┌────────

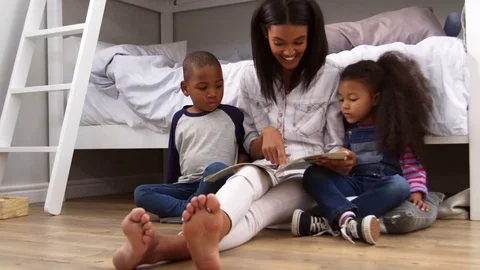 Mother Reading Story To Children In Their Bedroom Stock Footage
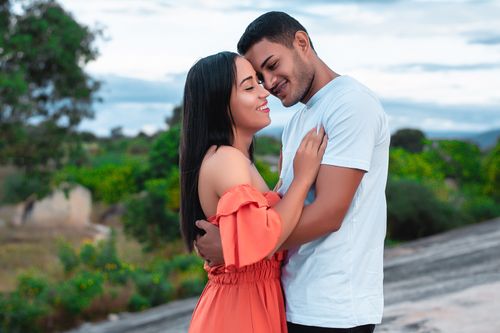 Free A couple happily embracing against a scenic natural backdrop, symbolizing love and connection. Stock Photo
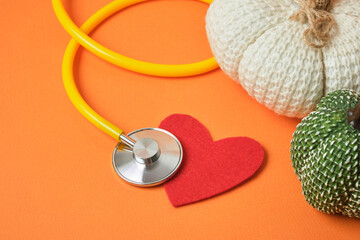 Stethoscope, pumpkin decoration, and heart on an orange background, exacerbation of heart disease in autumn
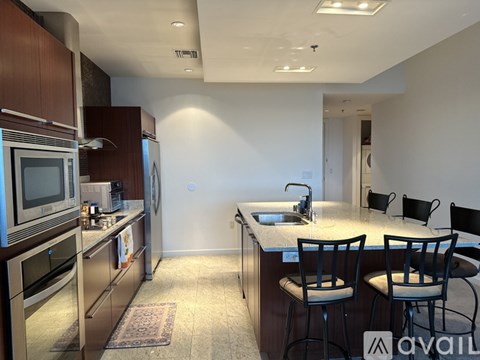 A kitchen with a sink, stove, and refrigerator.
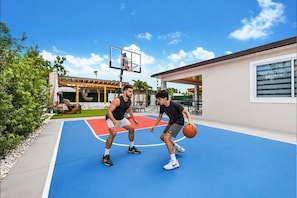 Een buitenbasketbalveld met twee spelers, een overdekt zitgedeelte en een gebouw met ramen.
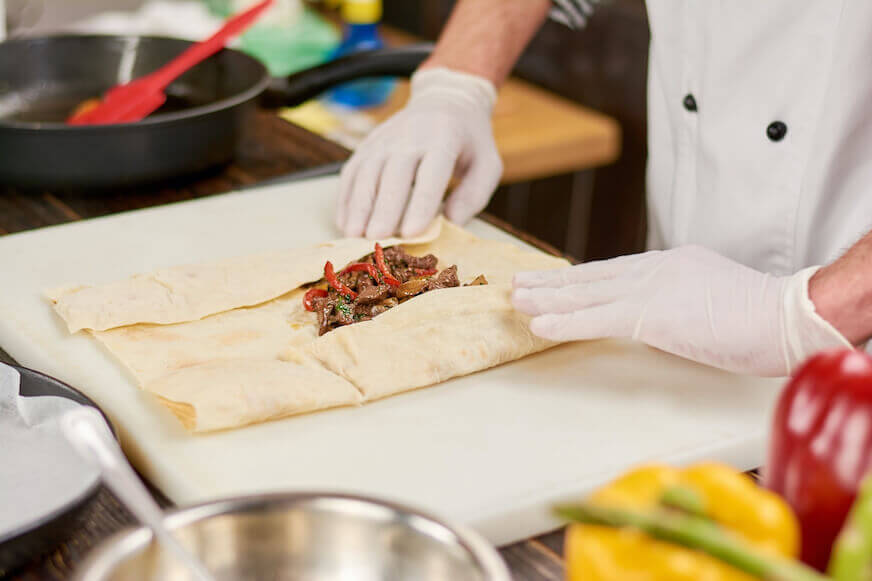 Chefs hands rolling a burrito with beef and peppers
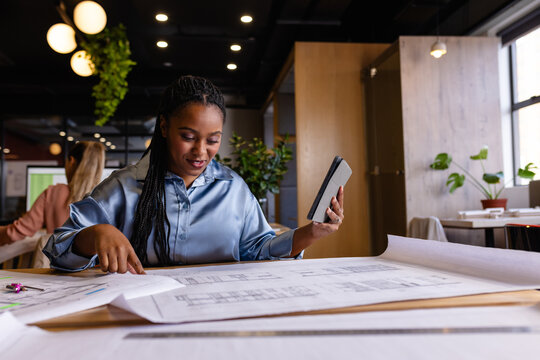 Happy plus size african american female architect using blueprints and tablet in office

└────────

- Exercise instructions -
What you return should be all of the material above, exactly, and none of its pictures.

- Problem solution -
 Mother Reading Story To Children In Their Bedroom Stock Footage
 Free A couple happily embracing against a scenic natural backdrop, symbolizing love and connection. Stock Photo
 Stethoscope, pumpkin decoration, and heart on an orange background, exacerbation of heart disease in autumn
 A kitchen with a sink, stove, and refrigerator.
 Een buitenbasketbalveld met twee spelers, een overdekt zitgedeelte en een gebouw met ramen.
 Chefs hands rolling a burrito with beef and peppers
 Happy plus size african american female architect using blueprints and tablet in office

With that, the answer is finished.